(The Associated Press circulated the following story by Josh Funk on December 8.)
GILLETTE, Wyo. — The nation’s two largest railroads have hauled record amounts of coal from the mines in Wyoming and Montana this year, but Union Pacific Corp. and Burlington Northern Santa Fe Corp. still struggle to keep up with utility demand and existing contracts.
If utilities run low on coal during the high demand of winter, they might be forced to buy fuel on the open market at higher prices that could be passed on to customers, said Jim Owen, with the utility trade group Edison Electric Institute.

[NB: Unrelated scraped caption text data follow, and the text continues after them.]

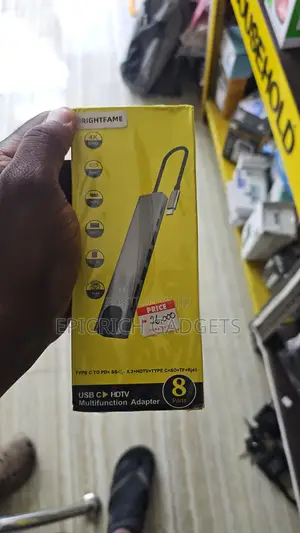 USB C to HDTV Multifunction Adapter With 8 Ports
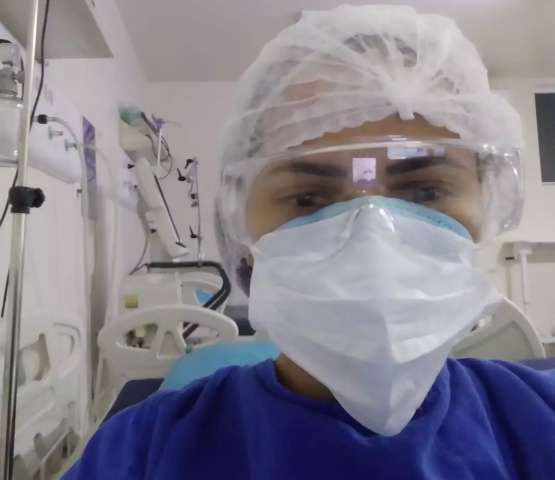 Na linha de frente, para t&eacute;cnica de enfermagem infectada &quot;pior sintoma &eacute; o medo&quot;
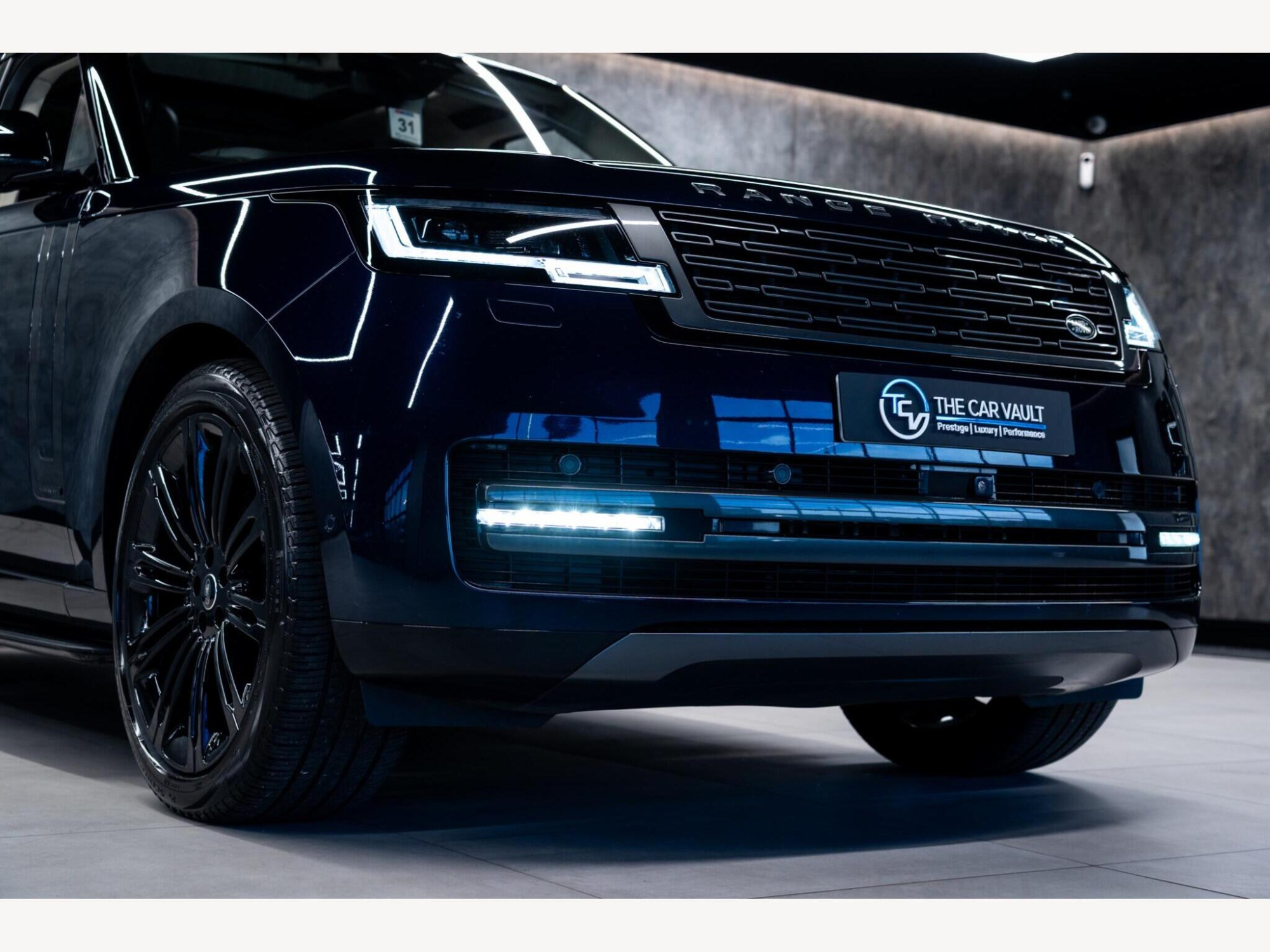 2023 Land Rover Range Rover image 11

“It’s been a fairly contentious issue in the last 18 months,” said Owen, whose group represents nearly three-quarters of all U.S. utilities.
The problems began in May 2005 when two derailments on the main line leading out of the Powder River Basin revealed that accumulated coal dust in the rail bed made the line unstable. Repairs disrupted traffic and slowed deliveries for months.
Then last winter, some utilities worried about depleting their on-site stockpiles, and one, Entergy Corp., sued Union Pacific over the delivery problems. Entergy says it lost “tens of millions of dollars,” and its lawsuit is pending in state court in Arkansas.
“Utilities have made no secret of the fact that deliveries have been a problem,” Owen said.
Last winter, some utilities imported coal from overseas to help make up for the delivery problems. The U.S. Energy Information Administration said 30.5 million tons of coal were imported in 2005, up 11.7 percent from the previous year.
The delivery problems, spot market purchases and imports cost the utilities, “and ultimately their customers,” more money, Owen said.
The problems have eased somewhat this year, but Owen said utilities were still not getting all the coal they want and contracted for. A mild winter this year could ease concerns, he said.
The continuing railroad delivery problems aren’t the whole story, because utilities all across the country are burning more coal.
Last year, coal consumption nationwide increased 1.9 percent, to 1.13 billion tons, according to a report from the Energy Information Administration. Wyoming produced 406.4 million tons of that to remain the leading coal-producing state in the nation, and Montana’s mines added 40.4 million tons.
Track capacity on Burlington Northern’s and Union Pacific’s networks is the main obstacle to delivering more coal, but mines and utilities also have a role to play because the pickup and delivery track setup affects how quickly trains can be loaded or unloaded.
“This is very much a team sport to get this much coal moved,” said Pat Hiatte, a spokesman for Burlington Northern.
Railroad officials say they are trying to meet the rising coal demand, and industry analyst Donald Broughton of A.G. Edwards & Sons said railroads shouldn’t take all the blame for the problems, because the facilities at the mines and utilities are part of the issue.
Everyone would benefit from higher capacity, he said. It’s just a matter of determining who will pay for all the improvements.
“The finger-pointing and crying about who needs to do more is just good old-fashioned negotiating, in my mind,” Broughton said.